To help me with a discussion, I've invited Paul Hammond, the founder and president of RC reports. Paul has educated more than more than 100,000 financial professionals on the topic and has been published in numerous national and state journals. Paul, welcome to the show. Thanks so much for having me on. Adam, I've been looking forward to this podcast for quite some time.
Yeah. So if anybody listening or watching is interested in a very practical way that you can, advise your clients or one simple, practical step that you can take to start advising your clients, this is the episode for you, right? Paul? Absolutely. A lot of accountants are looking for, just kind of that very first simple win.
To quote another favorite person of mine, Gabrielle Fontaine, or just an easy first step to begin the conversation with advisory and reasonable comp is a great tool to look out for that. Okay, so reasonable comp. Explain what that is. I will explain it in as few words as I possibly can. So reasonable comp is really kind of a a a compliance figure for small businesses, small businesses.

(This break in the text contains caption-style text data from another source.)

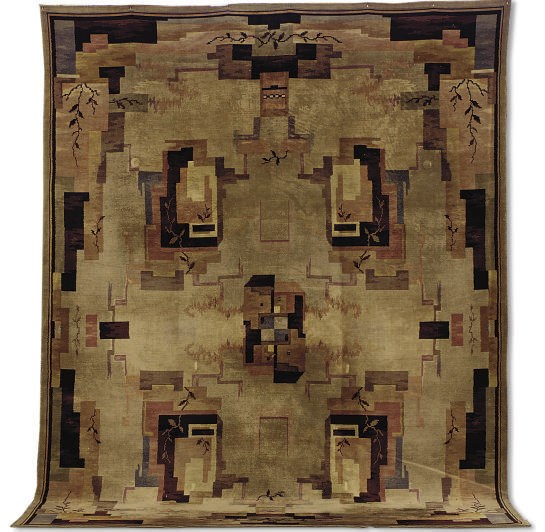 A MACHINE MADE MODERNIST CARPET,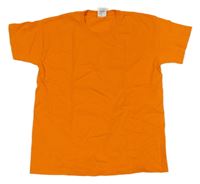 Oranžové tričko s nápisem na zádech Fruit of the Loom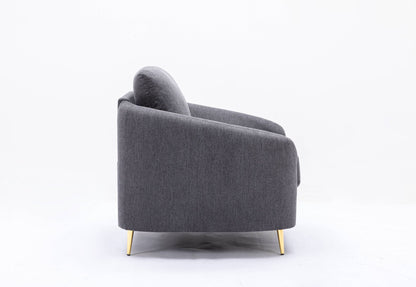 Yuina - Linen Chair - Gray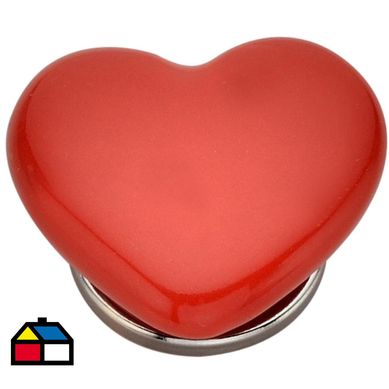 Set de perillas 40 mm 2 unidades coral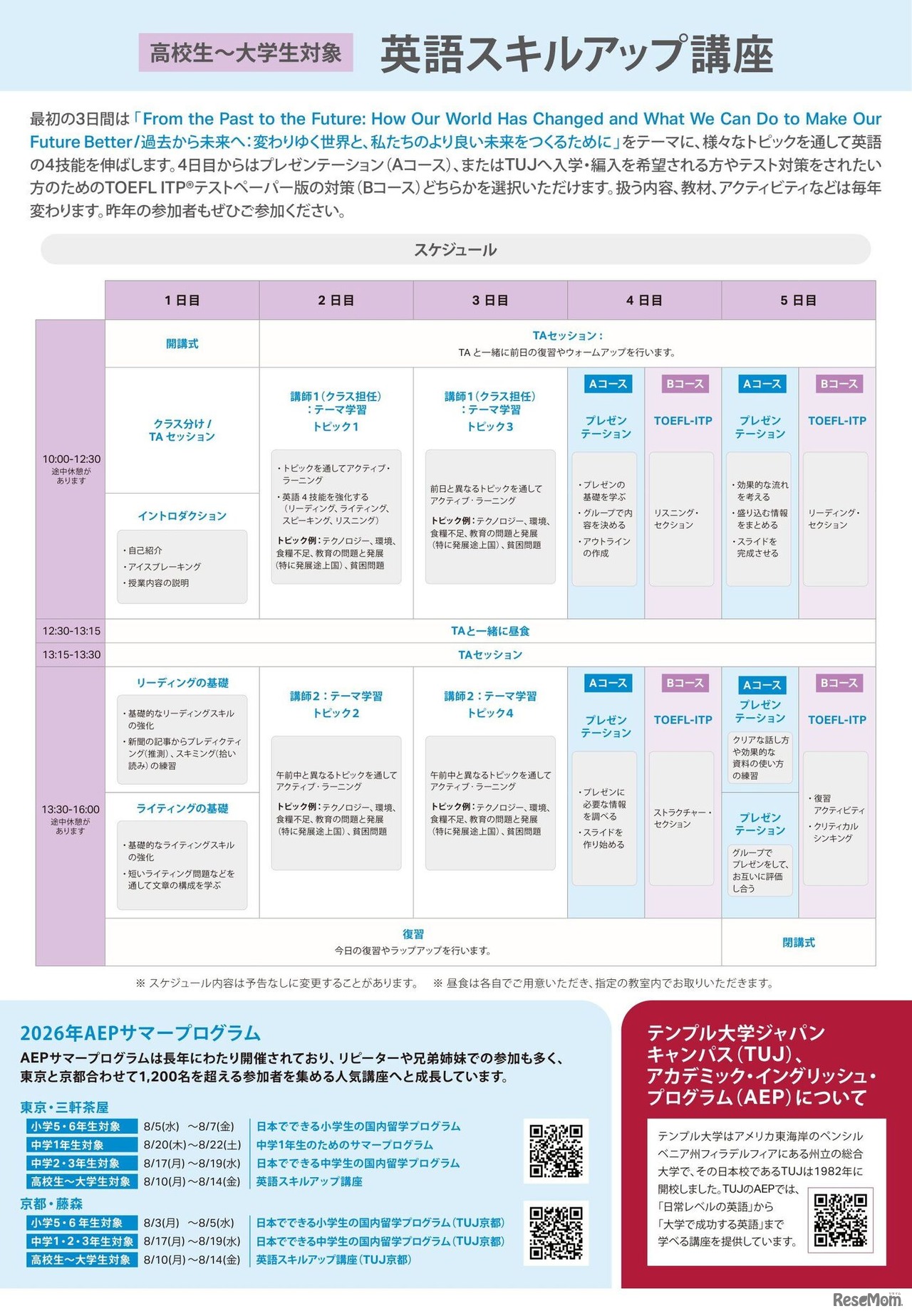 英語スキルアップ講座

When you let's take a step back, small businesses, when you ask a small business owner what they pay themselves or what they should be paying themselves, the answer that I hear the most and chime in, if you hear something different is whatever's left right. So that's a that's a great practical answer. But from a planning and tax standpoint, the IRS has a very vested interest in knowing what that number is from a hypothetical standpoint.
And that hypothetical standpoint is what if you had to step out of your business and replace yourself in that business, what would your replacement cost be? And that, in a nutshell, was what reasonable compensation is. I don't know if you stepped out of your business today, what would it cost you to hire somebody to come in and do exactly what you're doing?
And it's an important number to know for compliance. But it's a very important to number number to know, for, planning, tax planning and advisory planning. Okay. So talk us through in terms of how this can fit into an advisory conversation with a client. Absolutely. So, in my experience, a lot of advisory practices are set up, working with SMEs.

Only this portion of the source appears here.